A Roma, al Colosseo con Amir Issaa, Sr. Helen Prejean, Max Giusti. Città per la Vita, città contro la pena di morte!
RedazioneA Roma, al Colosseo, con Amir Issaa, Sr. Helen Prejean, Max Giusti. Monumenti, piazze, università, licei, scuole, per dire che la pena di morte è ingiusta e imbarbarisce le società. Per chiedere al mondo intero di superare la vendetta di stato, per una giustizia che rispetti innanzitutto la vita. Oltre 2000 città aderiscono alla giornata. 12 testimoni in Europa ci aiutano a dare voce a chi non ce l’ha. 200 città ci hanno fino ad ora inviato notizie di eventi. In questo 30 novembre di giubileo della misericordia chiediamo di tenere conto del cuore dell’uomo e della donna, come ha detto Papa Francesco: “La necessaria punizione non deve mai escludere la dimensione della speranza e l’obiettivo della riabilitazione”. Ecco perché questo 30 novembre è ancora più importante.
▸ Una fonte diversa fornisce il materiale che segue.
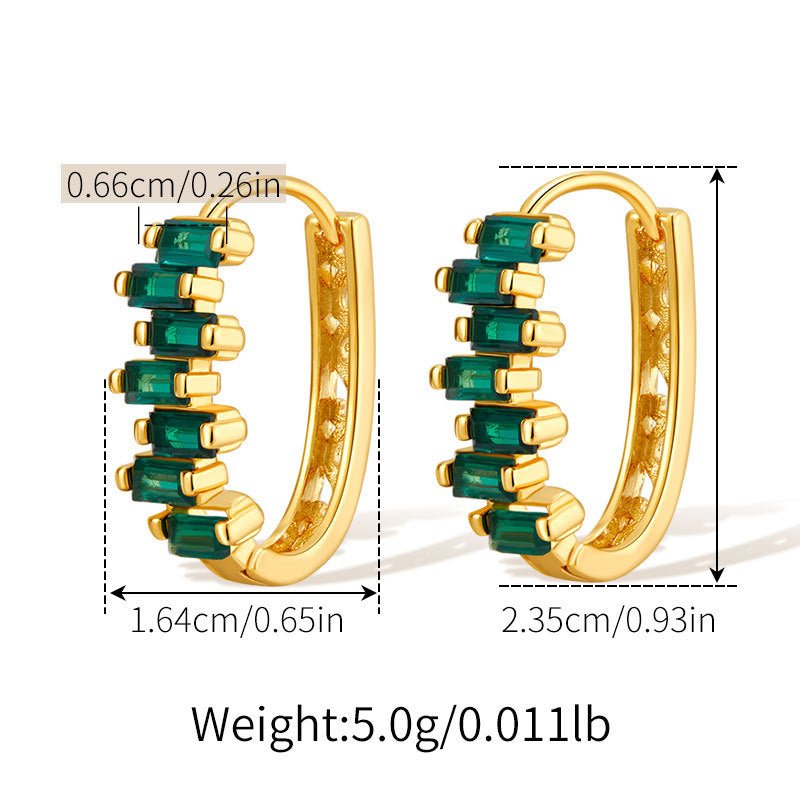 18K Gold Mulcolored Zircon Earrings - Shuling Jewelry
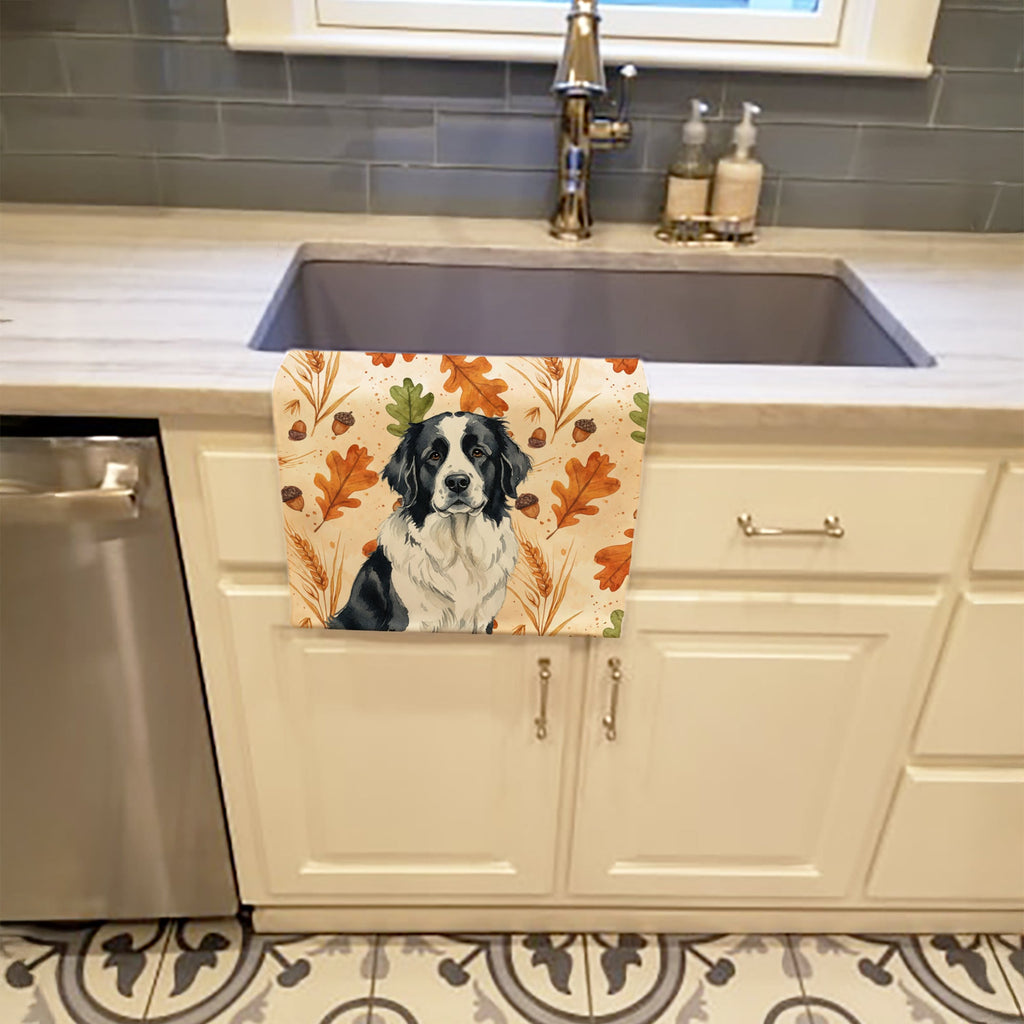 Landseer Newfoundland Heirloom Fall Kitchen Towel Velour Plush Front and Cotton Loop Back Machine Washable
Art lotta per abolire la pena di morte, nonostante questa sia ritenuta la giusta risposta, la vendetta contro chi compie i reati più gravi, come l’uccisione di una persona. Si pensa prima di tutto a una giustizia da rendere ai familiari della vittima, tuttavia Art ha capito che non si tratta di giustizia: l’uccisione di un uomo è sempre ingiusta.
Quest'anno gli studenti delle superiori parteciperanno alla più grande mobilitazione locale e globale contro la pena di morte. Per partecipare ...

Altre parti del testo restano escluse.